Thursday, August 4, 2016

Back to regular life.

The trip home from Italy was mostly uneventful. Except that while we were in the Amsterdam airport between flights we decided to stop in at the Irish bar for a whiskey, to remember our previous trip. We walked back to our gate to catch our next flight, holding hands and talking. We were clearly a couple. Two tall young Dutch guys were walking in our direction and as we passed, the closer one leaned into my face, made eye contact and said softly, "Hey girl." And kept walking. My husband and I looked at each other, flummoxed. He said, "Um, am I supposed to kick his ass now?" We both laughed and continued on to our gate. It was an odd but funny ending to the trip.
There was so much to do when we returned - putting away things from the wedding, writing thank you notes, catching up on gardening, returning to work. So naturally I decided I should learn how to make sourdough bread.
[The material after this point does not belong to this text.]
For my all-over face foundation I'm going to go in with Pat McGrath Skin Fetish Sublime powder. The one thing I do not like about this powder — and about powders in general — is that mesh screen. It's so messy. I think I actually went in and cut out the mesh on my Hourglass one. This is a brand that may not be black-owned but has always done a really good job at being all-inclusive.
I started working on making a batch of starter, which I dubbed Frances. Okay, at first I called it Francis, after St. Francis, because sourdough makes me think of San Francisco. But later I decided that something that gives life should have a female name and I changed the label. I had read that it is traditional to give your starter a name.
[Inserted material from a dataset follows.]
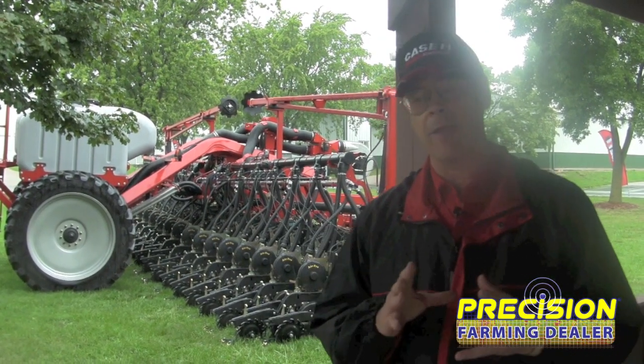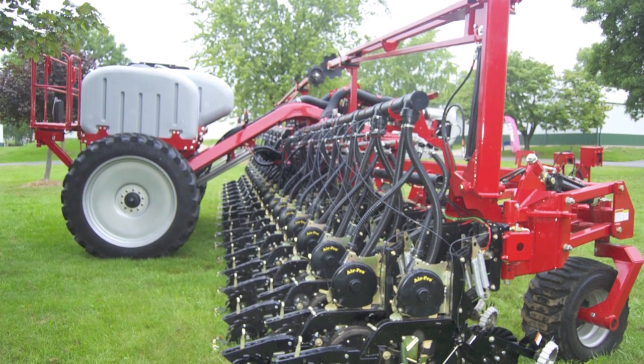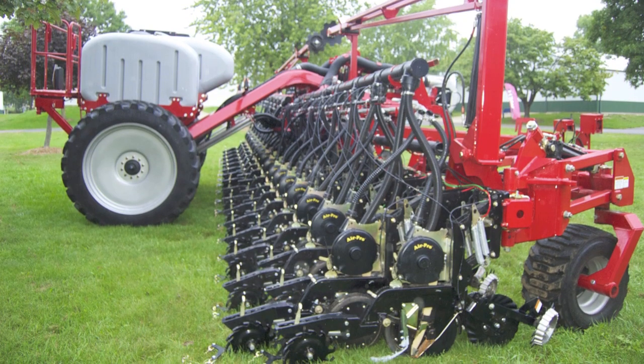One of the questions that comes up is how does this benefit our dealer organization and how can they use this to help the customer and provide the customer with another option in their toolbox to help the customer be successful. The Twin Row allows our dealer organization to identify those customers that want to do more experimentation and also that are restricted because of farming practices or equipment issues to experiment with higher populations.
I spent a week feeding it every night and once it was ready, made the first loaf. That involves taking half a cup of the starter out of the fridge two nights in advance. I put it in this old glass measuring cup with a quarter cup of flour and a quarter cup of water and let it rise until the next evening. Some people pour off the liquid ("hooch") that forms but I stir it in because I like the flavor.
The set-aside starter is mixed with whole wheat flour, water, and a little olive oil.
That's it. The wild yeasts in the air that make the starter a living thing take it from there.
After another night, the dough has grown and abandoned its ball shape.  I have been letting it rise in the garage where it's a little warm and it expands like crazy.
The bread gets folded down and left to rise again for half an hour. And then into a ceramic crock to bake. I put in a bowl of water in the oveb next to it to provide a little steam.
The first loaf I made was pretty flat and dense, but I've been gradually improving as I figure out what works best. I have to say, it's pretty good. And good for you, since it's all whole wheat (except for the starter). My younger son loves it and I frequently seeing him cutting a fews slices for himself. I think this new hobby is going to stick.